• **THE DATA**
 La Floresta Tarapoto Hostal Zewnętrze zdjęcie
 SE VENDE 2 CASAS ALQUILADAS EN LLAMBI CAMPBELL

...

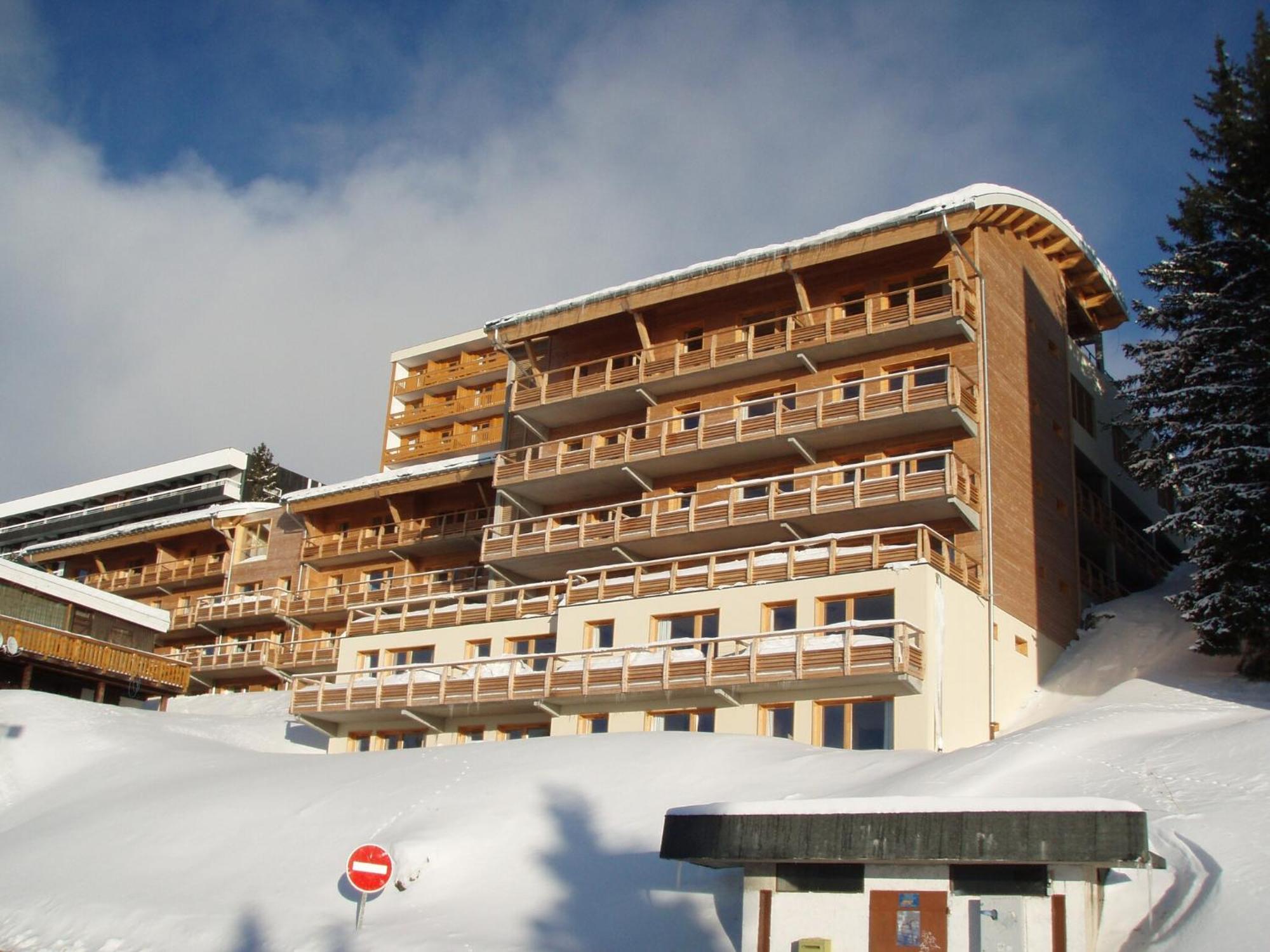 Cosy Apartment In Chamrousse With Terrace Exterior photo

• **EXERCISE OBJECTIVE**
Exactly the lines above from the one with "La Floresta Tarapoto" to the one with "SE VENDE 2 CASAS", both included, are to be quoted; leave the rest out.

• **TASK OUTPUT**
 La Floresta Tarapoto Hostal Zewnętrze zdjęcie
 SE VENDE 2 CASAS ALQUILADAS EN LLAMBI CAMPBELL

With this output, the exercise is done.